# Giant Pennsylvania 707 lbs. Black Bear, Illegal Baiting Resident Guilty, April 2010



## BornToHuntAndFish (May 5, 2010)

In case you have not see this in Dec. 2009 or the recent update . . .

Wow, they grow 'em huge up North.  Saw this update on Mike Hanback's blog & on a news web site:  


http://www.mikehanback.com/blog/index.cfm/2010/4/30/Big-Illegal-Kill-707Pound-Pennsylvania-Bear

Big Illegal Kill: 707-Pound Pennsylvania Bear

April 30, 2010 

Posted By : Mike Hanback

From a press release:

HARRISBURG – Charles W. Olsen Jr., 39, of Wilkes-Barre, Luzerne County, was found guilty today of illegally killing a 707-pound bear over bait (sweet pastries) during the 2009 hunting seasons, and ordered to pay fines and restitution of $6,800, plus court costs…

Olsen also stands to lose his hunting and trapping privileges for at least three years.

“What is most unfortunate is that law-abiding bear hunters in the area were robbed of the opportunity to legally harvest truly a trophy bear by fair chase means,” said Northeast Region Law Enforcement Supervisor Dan Figured.

At least justice was served.

What struck me was the enormity of the critter—707 pounds! All the black bears I've seen (and the few I've shot) were half that. The pic doesn't do the bear's size justice, but look at the foot pads—huge, like a grizzly’s.

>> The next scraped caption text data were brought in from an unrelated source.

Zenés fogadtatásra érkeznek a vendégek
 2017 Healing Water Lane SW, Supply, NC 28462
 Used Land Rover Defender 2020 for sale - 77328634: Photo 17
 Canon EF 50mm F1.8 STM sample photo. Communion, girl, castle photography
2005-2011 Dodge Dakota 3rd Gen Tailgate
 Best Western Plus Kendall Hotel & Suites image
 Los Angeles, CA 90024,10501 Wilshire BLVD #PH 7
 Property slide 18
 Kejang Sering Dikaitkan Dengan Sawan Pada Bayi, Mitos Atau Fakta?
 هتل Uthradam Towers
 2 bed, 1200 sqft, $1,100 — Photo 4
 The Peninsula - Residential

I don’t have anything against baiting bears where it's legal, like up in Canada. But a shame such a magnificent animal fell to a law-breaker.


AND 

http://www.startribune.com/nation/92450254.html?elr=KArksLckD8EQDUoaEyqyP4O:DW3ckUiD3aPc:_Yyc:aUUsZ

Pa. hunter found guilty of using pastries to bait 707-pound bear, biggest killed in '09 season

Associated Press

April 29, 2010 

 HARRISBURG, Pa. - A Pennsylvania hunter has been found guilty of using pastries to illegally bait the largest bear killed in the state during the 2009 season.

The Pennsylvania Game Commission says the 39-year-old Wilkes-Barre (WILKS'-behr-ee) resident was found guilty Thursday and was ordered to pay $6,800 in fines and restitution, plus court costs.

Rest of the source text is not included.